What I want is a way to manage my digital data. One of my specialties is knowing where to find information (see IntelligentAgent) and I have lots of little systems for keeping track of information that may be useful to myself or others later. The problem is that as I get older my brain is no longer able to keep up with the extent of the information that I need to categorize and my systems are starting to fail. Basically I have two options, stop worrying about data loss or build better tools.
Our conversation has been useful to me because you've thought extensively about parts of it (especially authorization and security) that I haven't really addressed yet because my focus right now is more on personal use and fuctionality because I need something *now* to solve my problem.
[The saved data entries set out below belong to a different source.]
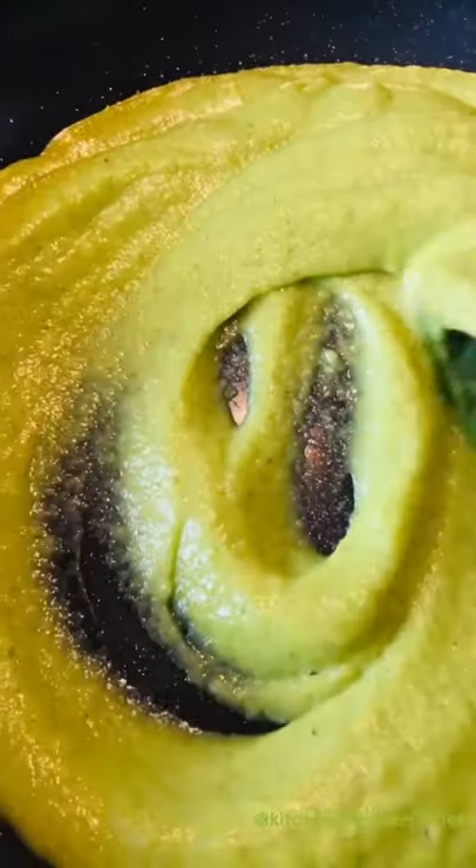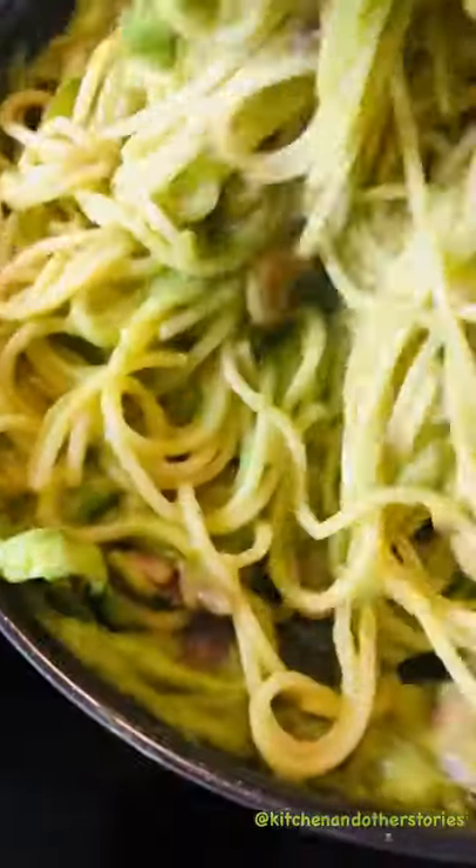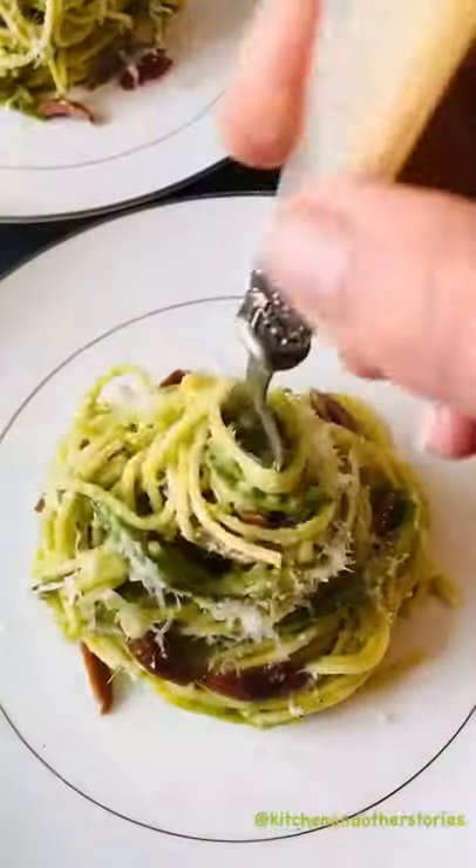Then get it back over medium heat, add sliced asparagus, olives, cooked spaghetti, give it a good mix and there you have it — tomato free pasta.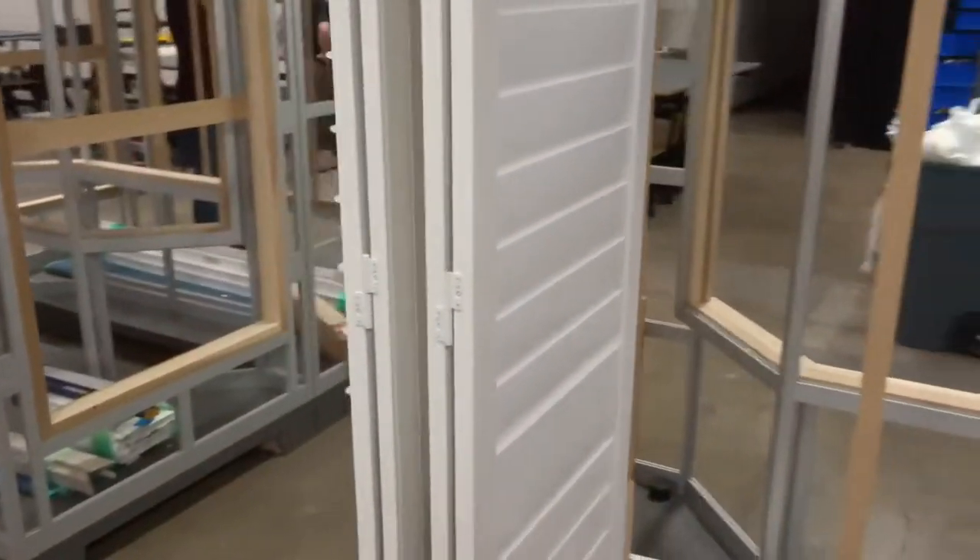If you try and do it from the right hand side of the opening, what will end up happening is that it will really bind up on you and cause damage to the shutters long term. So that is the proper way to open a bi-fold shutter.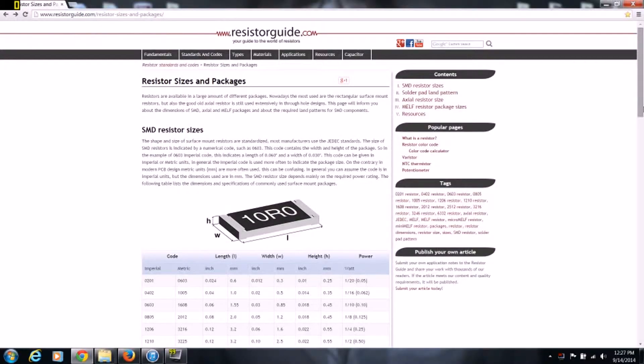If you look at the chart that I'm about to put on the screen, you will find commonly found packages for these resistors. Here's the resistor chart. Go to resistorguide.com/resistor-sizes-and-packages and you will be able to find this website.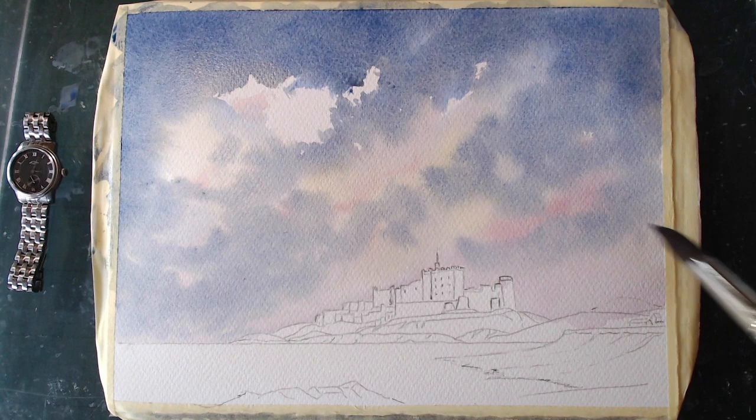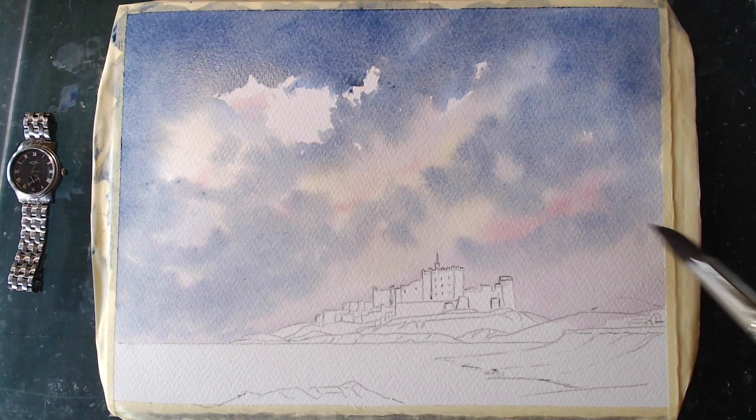I'm fiddling now, so stop fiddling. The colour I'm using is the Raw Sienna Ochre, which is a lovely colour. This is the undercoat, if you like — we sculpt with darks later. Let's get this in first. This is just taking the whiteness off the paper.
Not only do I need something soon to solve my problem, but I need a system that is highly automated. I don't have time to manually sort/filter process information. I want something which happens automatically in the background as much as possible, and when I do need to interface to it it's as easy as possible.
For example, here's are some types of data that I want to be able to store.
- pictures
- contacts
- bookmarks
- meta data about all of the above
I want to be able to search, access, add/remove to all of the above via a web interface because it's the lowest common denominator that is always available.
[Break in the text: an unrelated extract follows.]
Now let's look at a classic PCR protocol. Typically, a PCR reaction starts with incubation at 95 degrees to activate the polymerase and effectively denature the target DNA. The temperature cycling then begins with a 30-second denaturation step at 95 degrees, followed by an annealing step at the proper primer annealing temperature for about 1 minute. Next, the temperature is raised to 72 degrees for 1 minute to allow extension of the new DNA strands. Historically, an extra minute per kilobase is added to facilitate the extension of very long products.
I want to be able to search, access, add/remove my contact and email data from my email client (this probably means an imap and ldap interface to that data).
I need to be able to search, access, add/remove my bookmarks via a web browser, ideally via it's native bookmark management tools since web interfaces for this are typically pretty clunky. Further I'd like to improve on browser methods of managing bookmarks and snippets of information, for an idea see Queue.
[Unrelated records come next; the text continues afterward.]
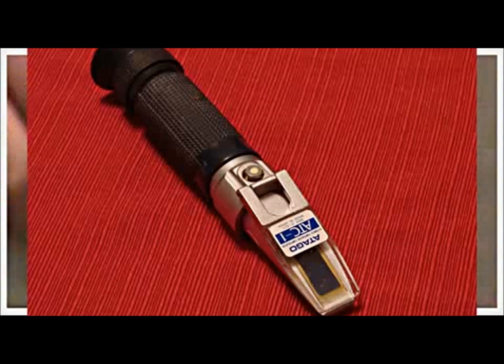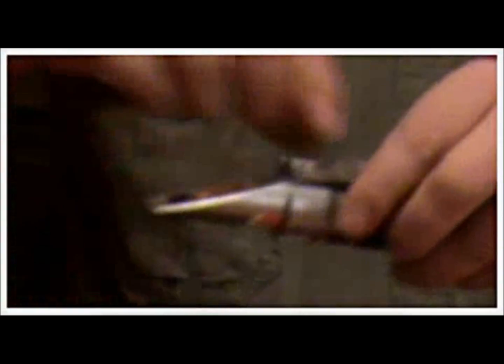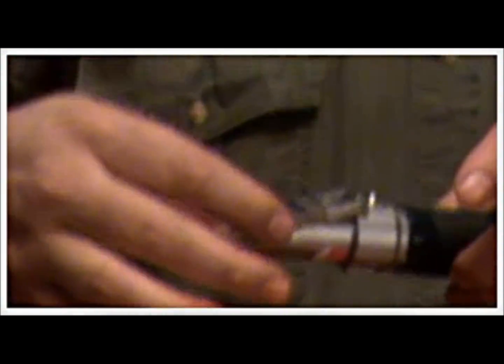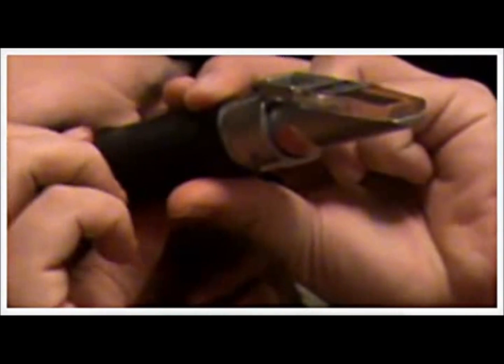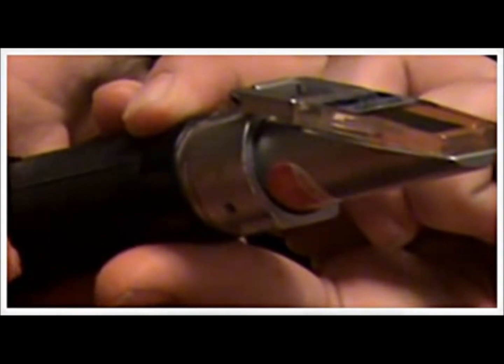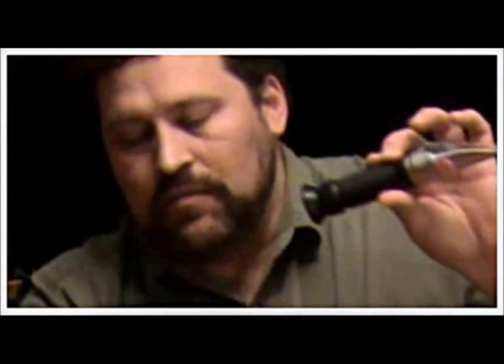To use the optical refractometer, we would just pull back this lens cap, squeeze a couple of drops right on there, close the lens cap, and make sure there are no air bubbles showing up. Then we would focus through and look — it's reading about 10.1, 10.2. Same number either way works.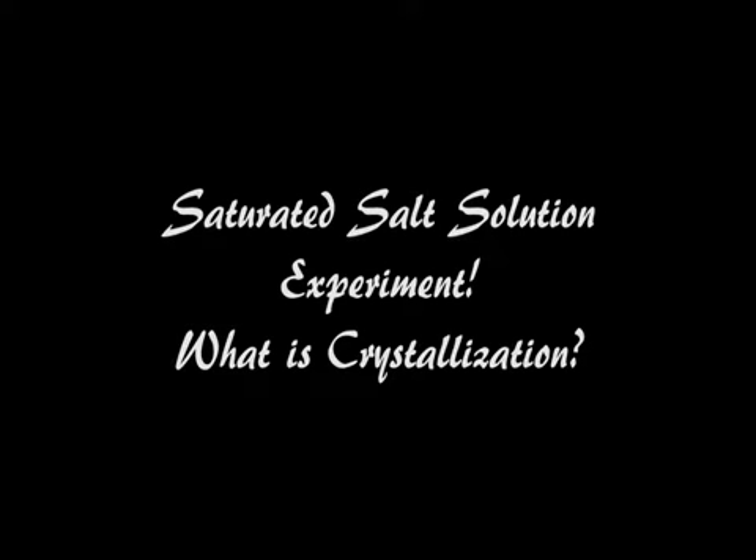Ahoy hoy, it's the lovely Mary here and today I'm going to be talking to you about saturated salt solutions. I have a very special experiment that I tested out and I thought was pretty cool and thought why not share with the rest of the world.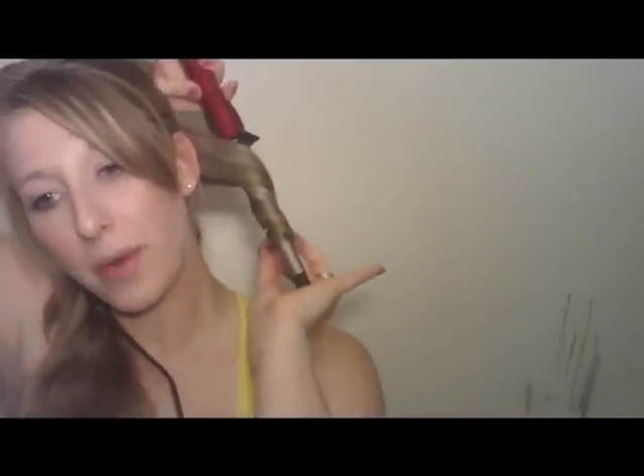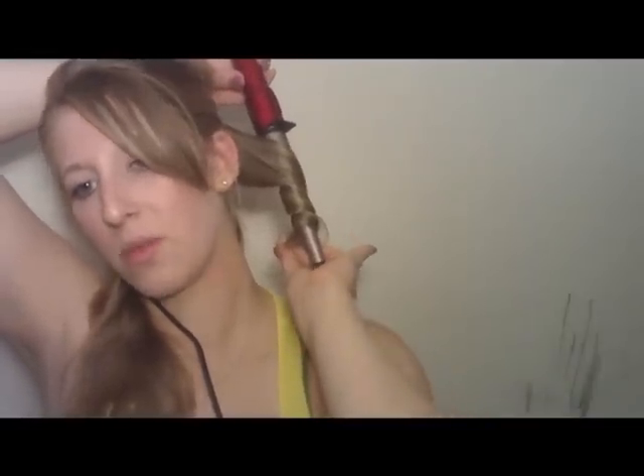Take your curling iron with the opposite hand and tilt it downward, and just kind of wrap it around — you don't have to worry about keeping it straight or flat. Then hold it on there for a count of ten. When you slide it out, keep the curl in your hand and spray it, hold it for maybe three seconds, and then just let it go. That's what it looks like — it's a pretty big curl, probably an inch and a half to two inches of hair. You just do that to all of your hair on the bottom.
I would like to be able to keep my writing in it as a blog or diary. Same for my word up posts, how do you reference articles of information that you've emailed out?
It should all be cross referenced automatically. For example I should be able to read an email from you and click on "More about Graham" and see all the contacts, pictures, bookmarks etc that I consider relevant to you, or do the same thing for all the info relevant to Portland or EarthLight. (Note: Zoe InterTwingle aready does a significant portion of this).
It should to be able to be sufficiently secure for me to feel comfortable about my privacy, it needs to be capable of being used off line (eg. sync to laptop or pda) etc.
So you see that what I'm after is more/different then a home for all my stuff. I'm after an agmentation to Adam's brain, primarily for use by Adam ... though it would be nice to have the ability to share with people parts that are relevant, especially if it could be done automatically (eg. you automatically have access to everything to everything I've tagged "Graham Perry" and "unprivate") thus you automatically gain access to everything I think you'd be interested in, and then you should further be able to categorize, enhance, annotate that data.
There's the potential that if everyone started to run such software and there were protocols for exchanging this type of data (XML-RPC might be a good choice) that information could flow between us automatically and that would become exponentially more powerful the more people that used it.
Anyway, maybe that clarifies some more of what I've been thinking.
Again, this became more of a brain dump then I'd originally intended so i'm putting it on the wiki (same page).
An interesting addition to this is a personal webproxy or wayback machine. There are definately some interesting security concerns once you start to track and store not only what you conciously decide to to log but are intentionly logging everything you do.
Recent updates about InterTwingle is amazing ... *this* is the way it should work ... but nothing really does.